◆ **Exercise requirements**:
Given the entries that follow, write out exactly the lines starting at the one containing "Desert Scorpion Photography" and ending at the one containing "An illustration from", both ends included, and only those.

*** Information supplied ***

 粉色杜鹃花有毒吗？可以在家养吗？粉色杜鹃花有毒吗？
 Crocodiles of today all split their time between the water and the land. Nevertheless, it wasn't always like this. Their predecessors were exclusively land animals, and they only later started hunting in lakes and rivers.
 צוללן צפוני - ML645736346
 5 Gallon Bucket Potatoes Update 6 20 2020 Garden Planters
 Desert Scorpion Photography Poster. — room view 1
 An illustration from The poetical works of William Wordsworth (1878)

*** End of Information supplied ***
*** Information supplied ***

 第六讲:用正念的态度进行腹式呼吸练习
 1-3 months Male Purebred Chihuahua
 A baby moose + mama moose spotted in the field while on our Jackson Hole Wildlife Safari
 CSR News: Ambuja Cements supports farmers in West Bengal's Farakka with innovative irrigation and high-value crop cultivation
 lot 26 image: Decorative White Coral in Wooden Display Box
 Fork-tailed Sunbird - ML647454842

*** End of Information supplied ***
*** Information supplied ***

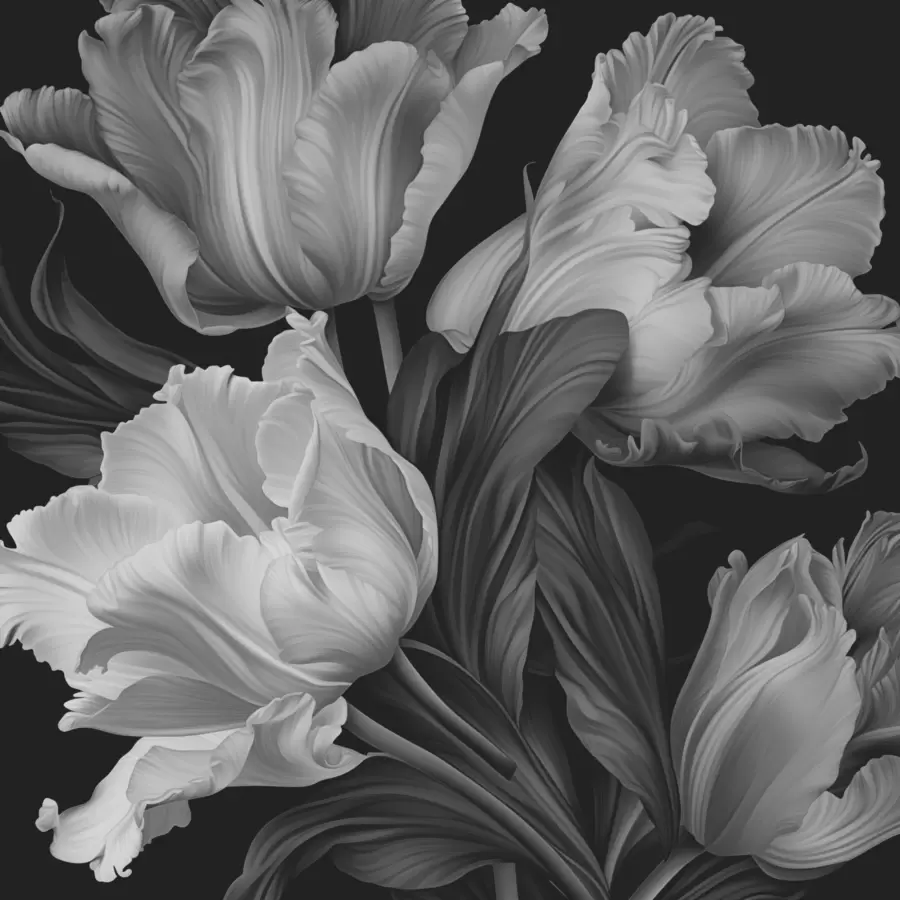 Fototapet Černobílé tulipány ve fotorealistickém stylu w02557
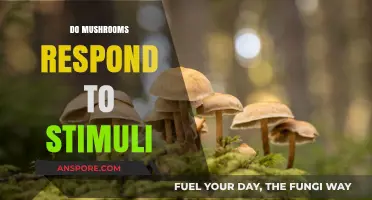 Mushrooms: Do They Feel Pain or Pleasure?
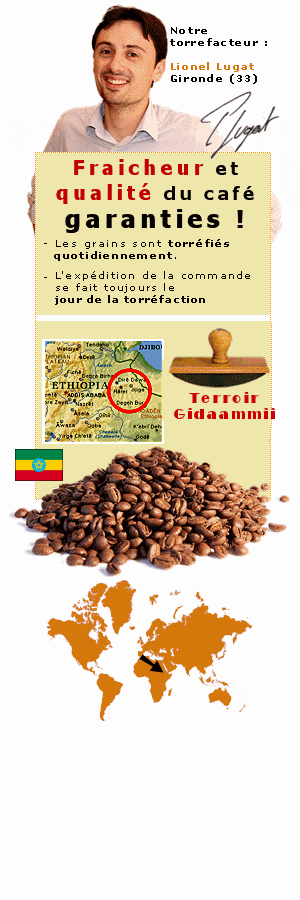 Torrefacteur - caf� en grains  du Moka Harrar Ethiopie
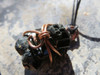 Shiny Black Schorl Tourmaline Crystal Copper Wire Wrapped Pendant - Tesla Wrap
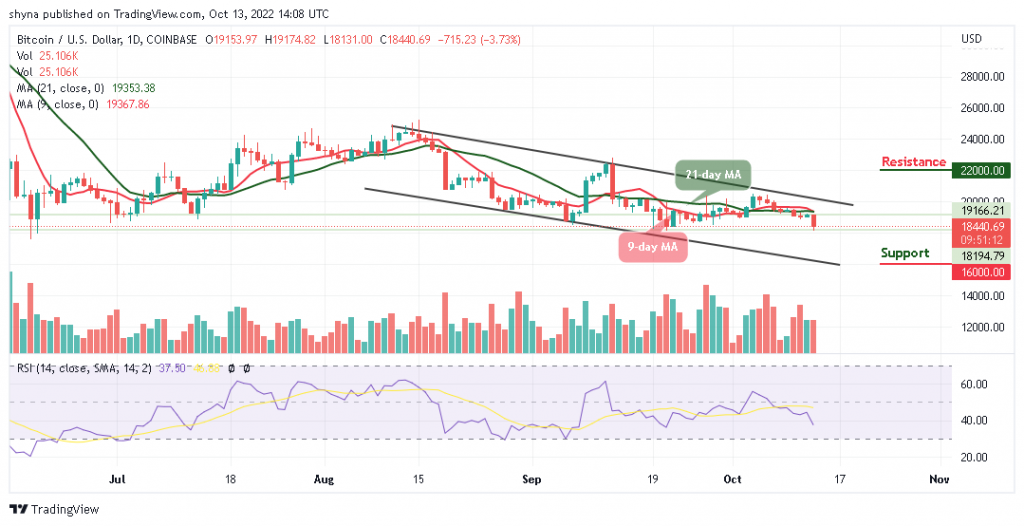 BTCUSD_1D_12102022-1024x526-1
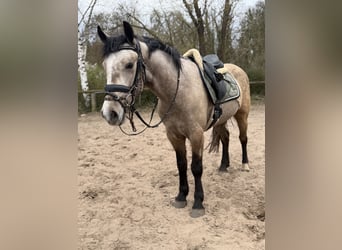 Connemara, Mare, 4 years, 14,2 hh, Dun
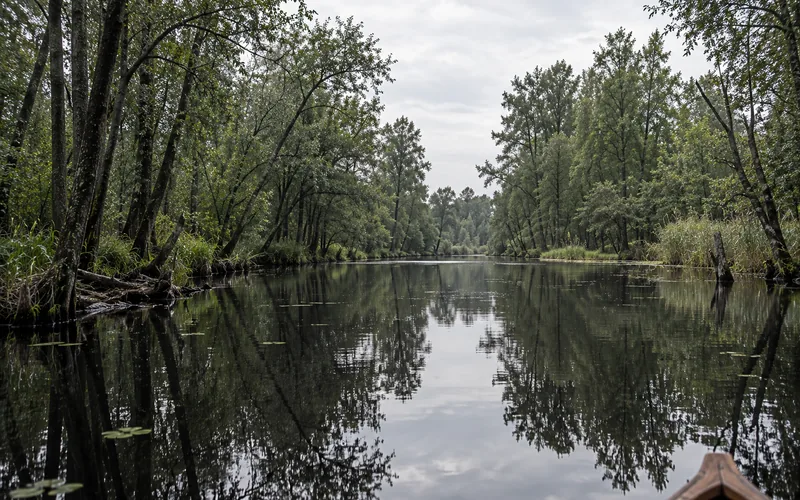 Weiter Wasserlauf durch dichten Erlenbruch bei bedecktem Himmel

*** End of Information supplied ***

◆ **Your solution**:
 Desert Scorpion Photography Poster. — room view 1
 An illustration from The poetical works of William Wordsworth (1878)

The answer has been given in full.